» **WHAT IS REQUIRED**
Print the records below exactly, from the line containing "อัลบัม Waiting Game" down to the line containing "Im Tired Of", both lines included, and omit every picture.

» **SOURCE DATA**
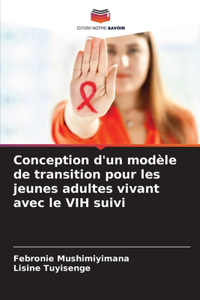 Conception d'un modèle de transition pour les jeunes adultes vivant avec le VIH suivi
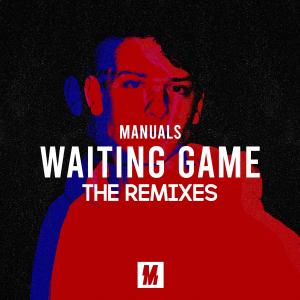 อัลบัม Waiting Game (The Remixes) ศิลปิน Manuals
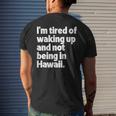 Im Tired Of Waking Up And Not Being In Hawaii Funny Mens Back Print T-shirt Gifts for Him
* * *
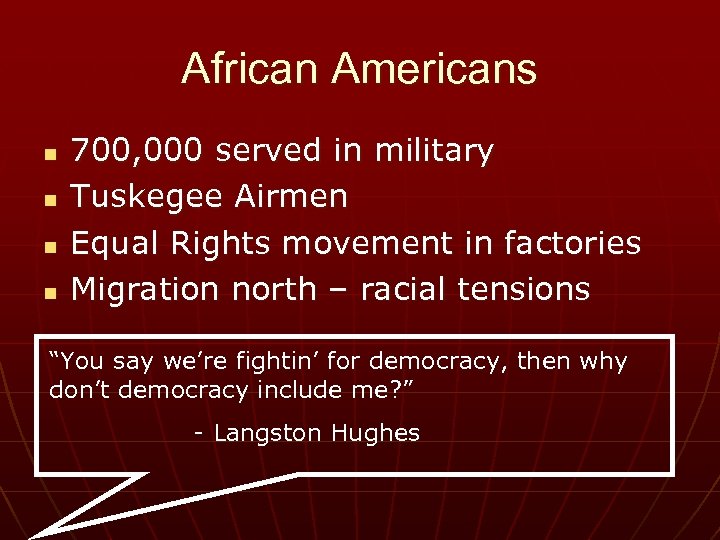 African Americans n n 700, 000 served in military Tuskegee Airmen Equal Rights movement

» **EXERCISE RESULT**
 อัลบัม Waiting Game (The Remixes) ศิลปิน Manuals
 Im Tired Of Waking Up And Not Being In Hawaii Funny Mens Back Print T-shirt Gifts for Him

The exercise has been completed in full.